21 Oct 20

Waymo launches fully self-driving cars - again

Waymo has launched a fleet of self-driving cars in Phoenix, Arizona. It’s not the first time this has happened, but there are some interesting differences: this time, there’s no safety driver on board and passengers are not limited to those vetted by Waymo. Could this be the breakthrough automous vehicle technology needs?

Let’s get the backstory out of the way first. Waymo is the self-driving unit of Alphabet, Google’s parent company. It has been testing self-driving ridehailing cars in a 100-mile area around Phoenix, Arizona since 2017. In 2018, the company started taking passengers in a programme called Waymo One, but the only passengers allowed on board were people that had been vetted by Waymo, which involves signing an NDA barring them from disclosing any information about trips. According to the company, Waymo One has 1,500 monthly active users.

Now, Waymo is switching things up one gear. It is removing the safety driver that has so far always been at the wheel of each self-driving car to take control if the computer gets overwhelmed, making the vehicles truly self-driving for the first time. They will still be monitored by remote employees but Waymo maintains the cars will make most of the driving decisions by themselves.

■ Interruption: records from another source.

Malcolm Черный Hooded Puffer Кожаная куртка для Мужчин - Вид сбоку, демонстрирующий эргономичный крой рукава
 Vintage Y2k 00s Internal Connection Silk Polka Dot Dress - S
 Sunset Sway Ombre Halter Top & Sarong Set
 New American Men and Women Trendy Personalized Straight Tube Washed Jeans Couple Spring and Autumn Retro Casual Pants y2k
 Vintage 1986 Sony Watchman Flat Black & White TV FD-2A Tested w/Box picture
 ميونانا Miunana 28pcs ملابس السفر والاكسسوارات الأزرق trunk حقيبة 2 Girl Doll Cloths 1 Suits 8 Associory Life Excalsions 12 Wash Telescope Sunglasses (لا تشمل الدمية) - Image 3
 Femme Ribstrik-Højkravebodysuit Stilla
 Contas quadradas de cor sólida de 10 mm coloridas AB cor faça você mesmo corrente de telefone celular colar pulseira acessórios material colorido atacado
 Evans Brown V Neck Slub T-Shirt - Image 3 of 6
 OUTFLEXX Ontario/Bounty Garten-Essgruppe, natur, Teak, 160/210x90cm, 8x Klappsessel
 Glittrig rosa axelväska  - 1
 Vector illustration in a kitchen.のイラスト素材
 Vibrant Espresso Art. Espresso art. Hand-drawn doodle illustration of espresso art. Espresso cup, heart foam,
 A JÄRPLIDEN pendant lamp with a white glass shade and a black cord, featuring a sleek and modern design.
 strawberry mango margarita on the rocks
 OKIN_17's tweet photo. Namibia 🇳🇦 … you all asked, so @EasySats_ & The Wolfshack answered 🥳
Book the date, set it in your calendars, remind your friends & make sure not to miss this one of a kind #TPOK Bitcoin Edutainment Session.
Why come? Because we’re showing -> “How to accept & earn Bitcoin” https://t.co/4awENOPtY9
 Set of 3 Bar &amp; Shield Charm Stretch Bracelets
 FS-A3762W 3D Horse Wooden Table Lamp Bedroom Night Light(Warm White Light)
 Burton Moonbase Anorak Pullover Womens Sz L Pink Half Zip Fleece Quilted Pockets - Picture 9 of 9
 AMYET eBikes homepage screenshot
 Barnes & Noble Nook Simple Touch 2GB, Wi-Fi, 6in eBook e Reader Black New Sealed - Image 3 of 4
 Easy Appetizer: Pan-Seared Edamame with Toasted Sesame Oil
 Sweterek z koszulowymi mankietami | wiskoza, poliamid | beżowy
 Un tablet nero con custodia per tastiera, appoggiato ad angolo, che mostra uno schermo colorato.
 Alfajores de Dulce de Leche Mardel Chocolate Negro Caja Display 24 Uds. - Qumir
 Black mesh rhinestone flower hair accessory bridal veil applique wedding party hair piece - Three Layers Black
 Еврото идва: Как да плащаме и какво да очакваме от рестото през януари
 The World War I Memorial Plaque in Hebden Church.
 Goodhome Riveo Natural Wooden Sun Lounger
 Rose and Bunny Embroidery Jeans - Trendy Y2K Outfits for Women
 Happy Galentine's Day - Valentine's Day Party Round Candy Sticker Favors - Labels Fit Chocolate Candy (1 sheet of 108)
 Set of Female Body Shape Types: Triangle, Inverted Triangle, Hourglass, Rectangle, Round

There are still some caveats. Waymo vehicles without a safety driver will only operate in about half of the 100-mile test area and in a first stage, only Waymo One users will be invited to use the truly self-driving cars. They are allowed to take friends and family along, though.

“In the near term, 100% of our rides will be fully driverless,” said Waymo CEO John Krafcik, but he didn’t provide an exact timeline.

Tesla Autopilot

Autonomous vehicle technology has progressed over the years, but there are signs it is still not ready for a large-scale roll-out in less controlled areas. Highway driving is already quite possible, but adding chaotic city traffic with pedestrians and cyclists to the equation can still dumbfound AV computers.

Electric car manufacturer Tesla has made great strides in self-driving technology, even though CEO Elon Musk has been known to be overly optimistic in making promises.

In July, he announced Teslas will be capable of completely autonomous driving by the end of the year. This may be a bold claim, knowing Autopilot is still considered to be level 2 technology on a 5-level scale. Also, once technology is ready, legislation needs to follow – most jurisdictions still do not allow for driverless cars.

Nevertheless, the close to one million Teslas with Autopilot that are driving around today have fed Teslas algorithms substantially, giving the company an edge over many of its competitors.

More than ever, the race to offer the first truly self-driving vehicles that can drive in any environment is on.